# Computational Thinking & Algorithms

computational thinking and algorithm, these two subjects are frequently used in programming, data science, and computer science.

This article will be a bit long, but I suggest you read all of them, I’m sure the information here will be useful in your daily life, business life and education life.

## What is Computational Thinking?

We can use computers to solve a problem, such as letting someone in without a password or username. We use computational thinking techniques unintentionally while doing these.

The planning and analysis steps that are done before starting to solve the problem (programming) are all included in computational thinking.

Computational thinking consists of problem recognition, decomposition, pattern recognition, abstraction, and algorithms.

## Computational Thinking Steps

In this section, we will examine some does preliminary preparation stages before a program is created on computers.

###### Step 1 – Problem Recognition

Recognizing the problem is one of the best ways to start a project, first of all, in this section, information about what the problem is and what it does.

After writing what the problem is, a brief information about how to solve the problem is usually prepared in this section.

###### Step 2 – Decomposition

Once the problem is defined, we divide the problem into parts (small parts to do) so that the problem is easy to solve.

Decomposition a problem down into parts can be difficult at times, but usually, every problem contains subproblems, below you can find an example of decomposition.

These schemes may contain more subsections or sub-problems may vary. We have divided the face recognition system into 3 sub-problems so that our work will be easier while coding.

If divide your own problem into sub-parts, your efficiency and speed will increase, and it will also allow you to pass the programming phase faster.

###### Step 3 – Pattern Recognition

When we decompose a complex problem we often find patterns among the smaller problems we create. The patterns are similarities or characteristics that some of the problems share.

This method allows you to solve your problem more easily and effectively and prevents you from wasting your time on pre-built things.

Let’s give an easy example of molds, think of a car. The molds of the car can be a wheel, seat, etc. they do not change, but their features may vary, such as black sofa, such similarities can also be found in problems.

###### Step 4 – Abstraction

We may not need some the sub-fields that we have reserved in the Decomposition section, in such cases we filter unnecessary or less important titles with abstraction.

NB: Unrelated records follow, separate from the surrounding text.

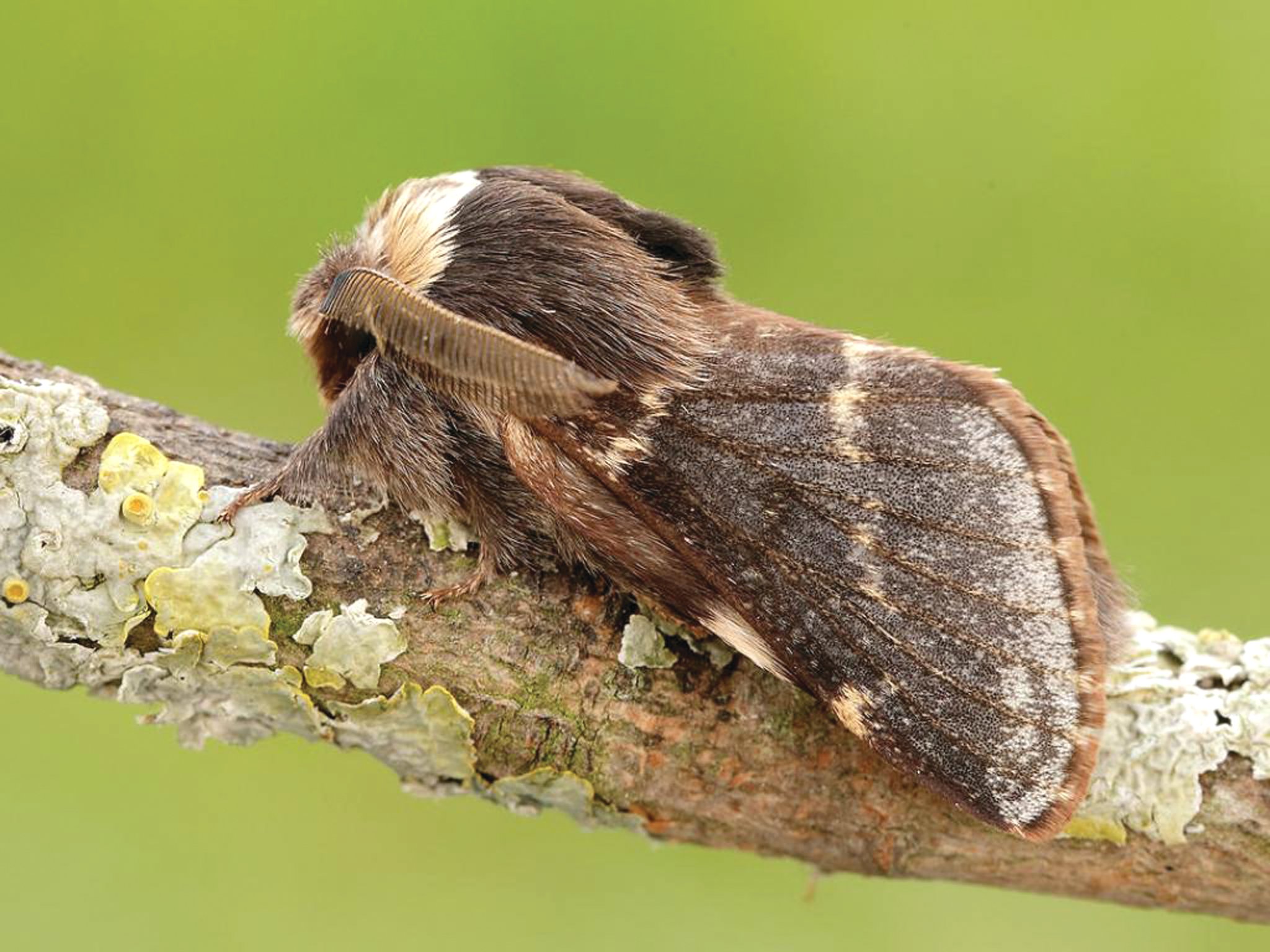 Look out for the aptly named December moth in your garden.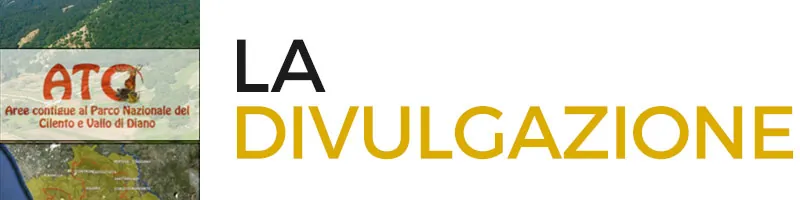 La divulgazione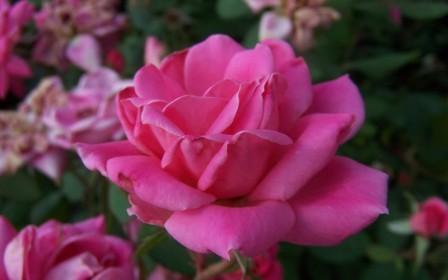 Beautiful pink rose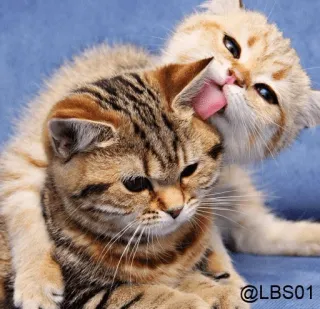 😜 @LBS01 cat, kitten, cute, licking, grooming, animals, pets whatsapp sticker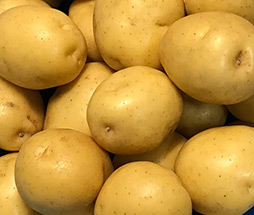 Yellow Potatoes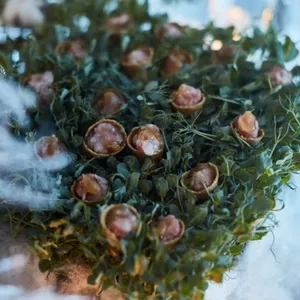 plaza duparc6 683x1024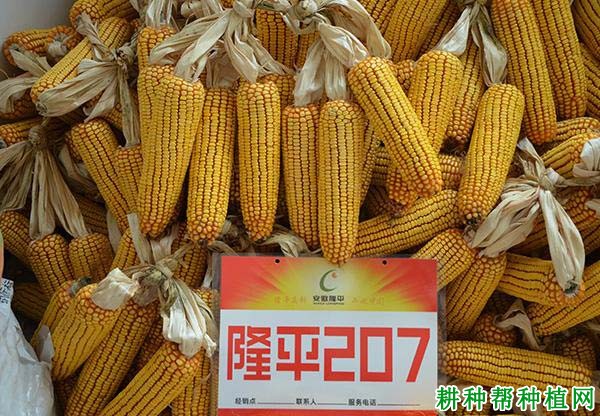 隆平207玉米品种好不好？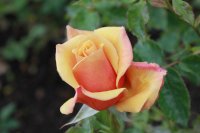 belle-epoque142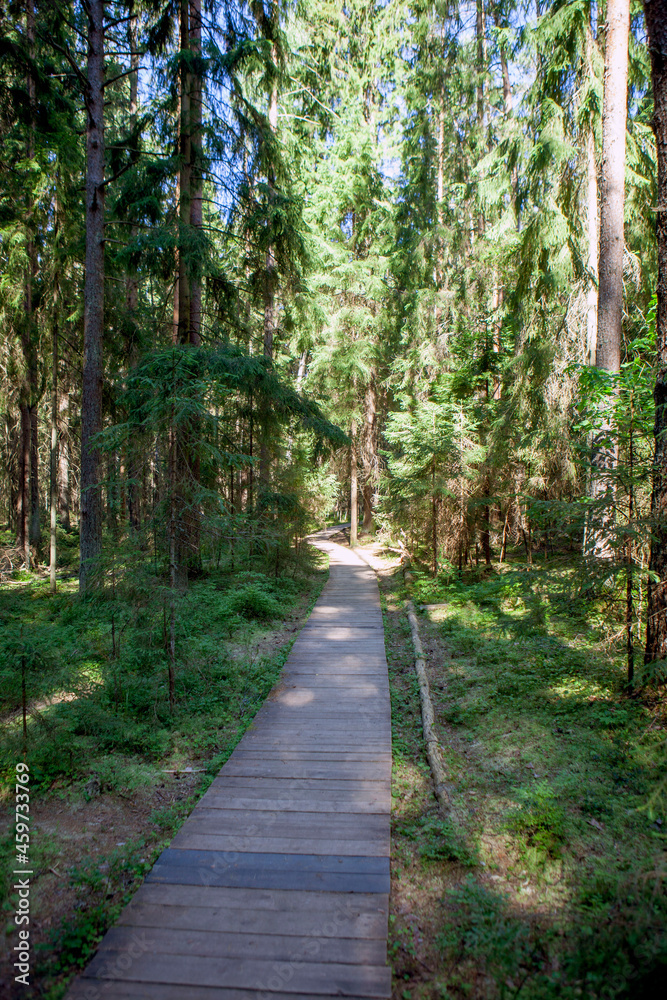 Wooden decks for easy walking in the forest. Ecological trail Komarovsky Bereg. Resort area. St. Petersburg. Russia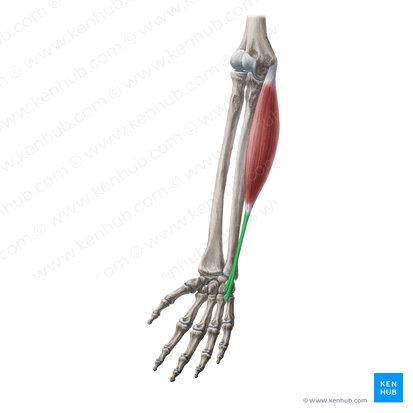 Tendon of flexor carpi ulnaris muscle (Tendo musculi flexoris carpi ulnaris); Image: Yousun Koh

Let’s take a simple example, you are developing an animal recognition system and currently you just want to distinguish between a dog and a cat. fur color, age of the animal, etc. You may want to filter out unnecessary features.

Or if you want to calculate a loudness, it doesn’t matter whether the voice is male or female, removing this feature will allow you to reach the result faster and you will not waste time on something unimportant.

###### Computational Thinking Summary

Decomposition is breaking the problem into parts and preparing each part as a separate problem.

Pattern Recognition; to save time by using certain same features between problems.

Abstraction; It is to save time by removing unnecessary subsections that will not be used in problems.

## What are Algorithms?

Algorithms are broad enough to be a topic in their own right, which will be covered separately in this article. Some sources also put algorithms in computational thinking.

All of the steps created to solve a problem from beginning to end are called algorithms. Computational thinking steps are linked to a result by algorithms.

Algorithms are formed as a result of the visual or textual preparation of the operating style of the program.

###### Why Should You Use Algorithm?

Some people who are new to programming do not care about algorithms or even use them at all, instead, they try to write code directly with a programming language.

As a result, they either don’t finish any project or they just get bored until they do, but they could easily complete any project if they had planned before they started.

You should use algorithms to help you solve a problem, step-by-step programming is one of the best ways to solve a problem.

## Algorithms For Beginner

In this section, I will summarize the algorithms, talk about how you can create simple algorithms without going into flowcharts, and talk about the logic of algorithms.

I use draw.io to create algorithm diagrams, you can also use a different algorithm tool if you want.

###### Fundamentals of algorithm

There are a few basic rules in algorithms, the first of which is that every algorithm starts with start and ends with the end.

After starting with Start, the first action to be done is written on the screen with a square and connected to the next frame with an arrow.

If there is a condition in the operation to be done, 2 arrows are removed from the square, one is written No, one is Yes, and the algorithm continues in 2 parts.

###### Face Recognition Algorithm

The example we used in decomposition will now be used in algorithms. This algorithm will explain how a face recognition system works from start to finish.

Algorithm functioning; we separate the background, face scan is done, if it is in the data set, the phone is turned on, if not in a warning is given and it is returned to the beginning.

Here, thanks to the long arrow returned to Start, we create a loop so that the user can try face scan again.

## What is Pseudocode?

Let’s briefly summarize the pseudo-code, which is often compared with the algorithm. When used with algorithms, pseudo-code facilitates the programmer’s code writing process.

Pseudocodes are everyday speech-like expressions used in computer science when creating and transmitting algorithms and programs.

## Differences: Algorithm & Pseudocode

An algorithm is a precise specification for how to solve a problem. Pseudocode is an informal high-level description of the working principle of a computer program or other algorithm.

An algorithm helps to simplify and understand the problem. On the other hand, pseudocode is a method of developing algorithms.